Hz. Muhammed (s.a.s.) de tıpçı değildi. Daha ötesi, okur-yazar olmadığı herkesçe bilinirdi.
On beş asır önce, insanın ana rahmindeki yaratılışı ve gelişimiyle ilgili hiç kimsenin ulaşması imkânsız bu bilgiyi veren Kur’an, yine hiç kimsenin bilmesi imkânsız olan ölümle başlayan hayat hakkında bilgiler veriyor.
On beş asır önce verdiği bilginin doğru ve gerçek olduğunu bugün nasıl gözlerimizle görüp kavradıysak, öldükten sonra da o hayatla ilgili verdiği bilgilerin doğru ve gerçek olduğunu göreceğiz demektir.
Burada önemli olan, bilinçli olarak ahiret hayatına yol almaktır. Hiç bir hazırlık yapmadan, sadece bu dünya hayatına odaklı yaşayan, o gün gelip çattığında ve gerçeği gördüğünde iş işten geçmiş olacaktır.
Şu sonsuz ahiret hayatını feda ettiğin dünyada ne kadar kaldın diye kendisine sorulacak ve şu cevabı verecektir; “Bir gün veya günün bir bölümü kadar kaldık.” (Mü’minûn, 113).
Dünya hayatı, ahiret hayatına nispetle göz açıp kapamak gibi gelecek insana.
Ahiret hayatı için ne gerekiyor sorusunun cevabına gelince. Şu kesin ki, bu dünya hayatı için ihtiyaç duyulan mal, mülk ve çocukların ahiret hayatında kıymeti harbiyesi yoktur;
“İnsanların diriltileceği gün, Allah’a temiz bir kalple gelenler dışında, mal da çocuklar da fayda vermeyecek.” (Şuara, 88).
“O gün kişi kardeşinden, annesinden, babasından, eşinden ve çocuklarından kaçar.
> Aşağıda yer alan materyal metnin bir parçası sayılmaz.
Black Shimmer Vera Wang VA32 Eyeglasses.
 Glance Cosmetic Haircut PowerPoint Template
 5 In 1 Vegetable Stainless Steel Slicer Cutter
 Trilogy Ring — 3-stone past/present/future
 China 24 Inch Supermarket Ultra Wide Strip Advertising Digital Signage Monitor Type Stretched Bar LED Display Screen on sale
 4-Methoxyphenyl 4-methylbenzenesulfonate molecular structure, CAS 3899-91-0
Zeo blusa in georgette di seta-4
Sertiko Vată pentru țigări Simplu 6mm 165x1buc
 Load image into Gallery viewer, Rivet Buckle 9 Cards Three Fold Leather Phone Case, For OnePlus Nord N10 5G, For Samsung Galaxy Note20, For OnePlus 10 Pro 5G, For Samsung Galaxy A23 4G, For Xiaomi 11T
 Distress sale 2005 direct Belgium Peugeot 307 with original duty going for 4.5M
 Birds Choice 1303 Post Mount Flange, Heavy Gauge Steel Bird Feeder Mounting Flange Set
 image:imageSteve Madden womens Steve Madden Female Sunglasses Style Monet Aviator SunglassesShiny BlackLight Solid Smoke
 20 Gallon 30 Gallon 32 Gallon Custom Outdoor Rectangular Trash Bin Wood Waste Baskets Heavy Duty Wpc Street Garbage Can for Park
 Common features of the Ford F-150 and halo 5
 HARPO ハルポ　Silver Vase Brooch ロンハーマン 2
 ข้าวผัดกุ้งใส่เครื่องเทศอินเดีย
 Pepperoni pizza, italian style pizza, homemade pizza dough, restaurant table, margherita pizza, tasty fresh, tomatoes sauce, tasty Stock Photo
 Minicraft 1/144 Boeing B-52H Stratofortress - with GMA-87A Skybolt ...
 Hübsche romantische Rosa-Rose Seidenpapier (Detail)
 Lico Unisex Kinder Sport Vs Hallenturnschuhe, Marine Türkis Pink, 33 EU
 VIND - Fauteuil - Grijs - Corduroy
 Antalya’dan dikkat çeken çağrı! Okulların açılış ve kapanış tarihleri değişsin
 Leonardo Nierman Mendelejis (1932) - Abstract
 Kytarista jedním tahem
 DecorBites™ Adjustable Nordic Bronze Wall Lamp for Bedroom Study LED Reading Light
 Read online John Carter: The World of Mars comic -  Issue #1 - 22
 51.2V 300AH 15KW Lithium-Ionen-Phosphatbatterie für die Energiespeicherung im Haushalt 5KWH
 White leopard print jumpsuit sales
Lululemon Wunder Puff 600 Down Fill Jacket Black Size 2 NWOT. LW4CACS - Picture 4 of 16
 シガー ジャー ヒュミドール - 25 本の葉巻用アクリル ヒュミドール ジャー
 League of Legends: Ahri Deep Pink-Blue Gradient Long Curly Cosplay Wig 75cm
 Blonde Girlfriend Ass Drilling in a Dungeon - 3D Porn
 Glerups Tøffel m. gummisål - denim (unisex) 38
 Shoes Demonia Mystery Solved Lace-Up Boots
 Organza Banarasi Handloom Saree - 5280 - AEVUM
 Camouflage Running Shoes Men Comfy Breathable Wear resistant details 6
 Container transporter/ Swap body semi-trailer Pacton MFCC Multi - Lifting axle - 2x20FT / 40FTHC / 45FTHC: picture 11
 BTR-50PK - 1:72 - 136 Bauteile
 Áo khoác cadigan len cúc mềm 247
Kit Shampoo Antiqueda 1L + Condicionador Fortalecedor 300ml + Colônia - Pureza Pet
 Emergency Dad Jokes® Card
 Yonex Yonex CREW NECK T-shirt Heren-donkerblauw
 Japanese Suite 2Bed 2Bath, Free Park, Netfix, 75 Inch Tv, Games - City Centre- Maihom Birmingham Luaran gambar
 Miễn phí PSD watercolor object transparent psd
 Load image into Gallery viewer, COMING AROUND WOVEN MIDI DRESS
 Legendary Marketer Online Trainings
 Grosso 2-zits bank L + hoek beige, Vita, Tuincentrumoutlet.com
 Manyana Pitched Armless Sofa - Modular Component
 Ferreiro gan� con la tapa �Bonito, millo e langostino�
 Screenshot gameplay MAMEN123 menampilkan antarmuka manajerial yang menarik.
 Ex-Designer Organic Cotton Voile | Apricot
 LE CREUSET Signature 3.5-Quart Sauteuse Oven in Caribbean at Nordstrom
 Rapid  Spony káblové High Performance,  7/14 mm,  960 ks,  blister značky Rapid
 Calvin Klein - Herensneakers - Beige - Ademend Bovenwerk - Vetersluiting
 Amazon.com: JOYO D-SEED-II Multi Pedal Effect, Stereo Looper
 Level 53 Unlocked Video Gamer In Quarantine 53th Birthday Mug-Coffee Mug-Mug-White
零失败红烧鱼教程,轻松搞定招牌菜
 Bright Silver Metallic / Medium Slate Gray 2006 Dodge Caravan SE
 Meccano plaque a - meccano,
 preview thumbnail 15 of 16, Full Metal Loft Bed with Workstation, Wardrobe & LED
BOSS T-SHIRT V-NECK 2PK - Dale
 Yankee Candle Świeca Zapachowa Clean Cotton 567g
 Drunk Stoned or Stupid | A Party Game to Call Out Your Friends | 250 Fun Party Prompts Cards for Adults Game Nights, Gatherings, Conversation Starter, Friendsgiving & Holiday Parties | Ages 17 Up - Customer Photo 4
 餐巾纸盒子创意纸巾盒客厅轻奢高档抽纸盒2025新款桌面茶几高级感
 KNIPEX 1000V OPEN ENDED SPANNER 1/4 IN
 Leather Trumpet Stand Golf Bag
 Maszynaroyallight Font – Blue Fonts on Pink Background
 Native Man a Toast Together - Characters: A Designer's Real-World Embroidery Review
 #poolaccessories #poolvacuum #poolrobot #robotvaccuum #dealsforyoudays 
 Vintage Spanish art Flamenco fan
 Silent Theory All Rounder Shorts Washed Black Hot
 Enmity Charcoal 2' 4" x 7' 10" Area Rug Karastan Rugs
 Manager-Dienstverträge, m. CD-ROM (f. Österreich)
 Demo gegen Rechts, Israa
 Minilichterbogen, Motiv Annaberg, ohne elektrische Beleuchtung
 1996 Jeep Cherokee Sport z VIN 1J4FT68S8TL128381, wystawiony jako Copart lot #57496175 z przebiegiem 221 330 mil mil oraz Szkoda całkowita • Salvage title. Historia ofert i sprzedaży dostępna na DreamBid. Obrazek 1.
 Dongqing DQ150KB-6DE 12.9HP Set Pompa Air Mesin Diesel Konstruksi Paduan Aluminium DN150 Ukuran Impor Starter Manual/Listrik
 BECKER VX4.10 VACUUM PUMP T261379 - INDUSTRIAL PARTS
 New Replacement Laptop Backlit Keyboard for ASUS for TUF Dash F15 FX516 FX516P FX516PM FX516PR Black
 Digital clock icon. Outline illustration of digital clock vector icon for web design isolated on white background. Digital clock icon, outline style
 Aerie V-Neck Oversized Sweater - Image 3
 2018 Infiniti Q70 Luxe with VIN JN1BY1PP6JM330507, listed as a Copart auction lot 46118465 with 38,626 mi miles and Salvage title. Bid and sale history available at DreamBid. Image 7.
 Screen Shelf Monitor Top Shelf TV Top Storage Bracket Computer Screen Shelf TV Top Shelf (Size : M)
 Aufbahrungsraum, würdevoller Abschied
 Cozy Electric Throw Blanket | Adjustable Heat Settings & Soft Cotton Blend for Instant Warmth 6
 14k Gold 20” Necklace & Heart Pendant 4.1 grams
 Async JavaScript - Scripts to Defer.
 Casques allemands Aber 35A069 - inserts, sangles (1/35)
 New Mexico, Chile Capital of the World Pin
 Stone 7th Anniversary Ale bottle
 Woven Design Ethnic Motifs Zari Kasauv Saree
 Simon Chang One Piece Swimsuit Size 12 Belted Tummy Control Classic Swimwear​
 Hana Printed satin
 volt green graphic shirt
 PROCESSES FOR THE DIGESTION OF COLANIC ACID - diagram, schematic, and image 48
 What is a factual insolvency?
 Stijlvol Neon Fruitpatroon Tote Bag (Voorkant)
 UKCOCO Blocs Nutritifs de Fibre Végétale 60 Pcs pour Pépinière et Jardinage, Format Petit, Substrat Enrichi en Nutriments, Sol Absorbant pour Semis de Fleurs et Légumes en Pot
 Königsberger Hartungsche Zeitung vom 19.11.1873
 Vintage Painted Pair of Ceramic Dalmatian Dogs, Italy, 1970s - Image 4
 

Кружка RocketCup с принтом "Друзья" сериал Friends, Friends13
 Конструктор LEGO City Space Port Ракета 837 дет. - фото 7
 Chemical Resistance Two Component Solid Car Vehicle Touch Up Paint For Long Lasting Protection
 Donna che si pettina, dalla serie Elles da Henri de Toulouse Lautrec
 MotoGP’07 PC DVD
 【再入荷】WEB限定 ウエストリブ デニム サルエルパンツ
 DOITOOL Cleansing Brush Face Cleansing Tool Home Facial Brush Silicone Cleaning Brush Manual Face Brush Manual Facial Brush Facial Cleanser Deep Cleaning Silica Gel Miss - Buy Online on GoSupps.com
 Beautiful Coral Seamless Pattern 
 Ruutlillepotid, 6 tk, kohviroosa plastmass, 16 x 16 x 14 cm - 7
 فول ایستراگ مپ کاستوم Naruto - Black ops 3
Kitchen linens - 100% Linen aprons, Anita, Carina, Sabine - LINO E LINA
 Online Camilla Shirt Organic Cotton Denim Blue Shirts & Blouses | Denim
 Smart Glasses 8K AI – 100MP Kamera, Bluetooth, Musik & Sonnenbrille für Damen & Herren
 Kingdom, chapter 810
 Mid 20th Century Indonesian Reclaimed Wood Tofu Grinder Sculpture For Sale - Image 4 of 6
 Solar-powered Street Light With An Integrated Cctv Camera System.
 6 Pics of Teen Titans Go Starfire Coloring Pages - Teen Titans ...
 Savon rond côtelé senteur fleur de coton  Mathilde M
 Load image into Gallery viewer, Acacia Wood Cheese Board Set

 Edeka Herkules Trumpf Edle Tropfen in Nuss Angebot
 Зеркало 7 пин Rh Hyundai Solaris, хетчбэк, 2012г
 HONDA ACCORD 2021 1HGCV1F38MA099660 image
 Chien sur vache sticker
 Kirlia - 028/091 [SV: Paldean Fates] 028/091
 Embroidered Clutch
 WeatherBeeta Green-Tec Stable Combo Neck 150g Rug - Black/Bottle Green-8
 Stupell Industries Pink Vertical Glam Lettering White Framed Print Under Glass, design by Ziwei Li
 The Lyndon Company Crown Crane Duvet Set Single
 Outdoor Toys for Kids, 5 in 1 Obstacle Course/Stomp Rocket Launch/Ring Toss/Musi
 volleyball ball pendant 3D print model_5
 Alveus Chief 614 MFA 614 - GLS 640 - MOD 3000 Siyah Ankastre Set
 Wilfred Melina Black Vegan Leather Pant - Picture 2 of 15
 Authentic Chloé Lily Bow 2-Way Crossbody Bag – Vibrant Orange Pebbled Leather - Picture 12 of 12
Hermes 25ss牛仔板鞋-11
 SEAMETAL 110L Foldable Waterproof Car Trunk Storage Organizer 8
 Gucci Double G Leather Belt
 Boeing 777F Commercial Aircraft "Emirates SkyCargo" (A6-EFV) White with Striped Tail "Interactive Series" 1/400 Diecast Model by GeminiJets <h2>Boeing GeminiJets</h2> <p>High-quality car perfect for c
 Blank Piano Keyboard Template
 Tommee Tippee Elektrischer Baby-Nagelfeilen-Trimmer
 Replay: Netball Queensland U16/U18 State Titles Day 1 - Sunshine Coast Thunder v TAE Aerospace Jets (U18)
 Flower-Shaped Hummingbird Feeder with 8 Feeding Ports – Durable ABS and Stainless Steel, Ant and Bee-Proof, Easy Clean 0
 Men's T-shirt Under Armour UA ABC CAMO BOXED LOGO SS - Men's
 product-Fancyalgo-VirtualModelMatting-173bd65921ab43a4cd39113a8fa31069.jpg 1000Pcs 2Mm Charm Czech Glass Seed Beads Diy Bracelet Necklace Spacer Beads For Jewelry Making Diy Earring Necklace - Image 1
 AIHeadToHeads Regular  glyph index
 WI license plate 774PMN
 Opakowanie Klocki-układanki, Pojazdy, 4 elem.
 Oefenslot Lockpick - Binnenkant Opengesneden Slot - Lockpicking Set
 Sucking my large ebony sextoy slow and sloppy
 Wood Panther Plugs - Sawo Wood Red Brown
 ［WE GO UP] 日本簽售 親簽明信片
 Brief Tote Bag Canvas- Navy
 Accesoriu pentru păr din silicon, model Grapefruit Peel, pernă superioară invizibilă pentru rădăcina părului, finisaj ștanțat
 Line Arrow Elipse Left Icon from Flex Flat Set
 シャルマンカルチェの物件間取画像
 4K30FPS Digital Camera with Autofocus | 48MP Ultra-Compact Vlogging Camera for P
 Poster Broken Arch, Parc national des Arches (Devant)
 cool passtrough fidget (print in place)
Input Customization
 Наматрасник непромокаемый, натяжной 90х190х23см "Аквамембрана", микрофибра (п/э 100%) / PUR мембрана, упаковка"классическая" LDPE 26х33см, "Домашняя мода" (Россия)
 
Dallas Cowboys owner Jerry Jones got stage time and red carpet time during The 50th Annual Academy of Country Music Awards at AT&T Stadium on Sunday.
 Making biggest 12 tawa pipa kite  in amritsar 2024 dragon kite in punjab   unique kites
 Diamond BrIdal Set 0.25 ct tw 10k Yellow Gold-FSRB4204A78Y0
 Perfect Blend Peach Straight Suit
Onlardan her birinin işi başından aşkındır. Birtakım yüzler parıldar, birtakım yüzler de toza toprağa bürünmüş kapkara kesilmiştir.” (Abese, 43-41).
Temiz Kalp deyimi; inkâr ve şirkten, kibir, gurur, kıskançlık, kin, öfke, riya, cimrilik gibi ahlaki hastalıklardan kurtulmuş; Allah’a, kıyamet gününe, yeniden dirilmeye inanan ve güzel davranışlarla bezenmiş erdemli kişiliği ifade eder.
Anne karnındayken göbek kordonuyla beslendiğinden, ağzının ne işe yaradığını bilmiyordu insan.
Dünyaya gelince, beslenmenin ağız yoluyla olduğunu gördü ve ağzın ne işe yaradığını anladı.
Kur’an’a kulak vermeyen, namaz ve diğer ibadetlerin, haram ve helal çizgisinin ne işe yaradığını bilemez.
Ahiret yurdunun hayat sermeyesi temiz kalptir.
İman ve güzel ahlak, kalbi kirli düşüncelerden arındırır, tertemiz bir kalple Allah’a götürür.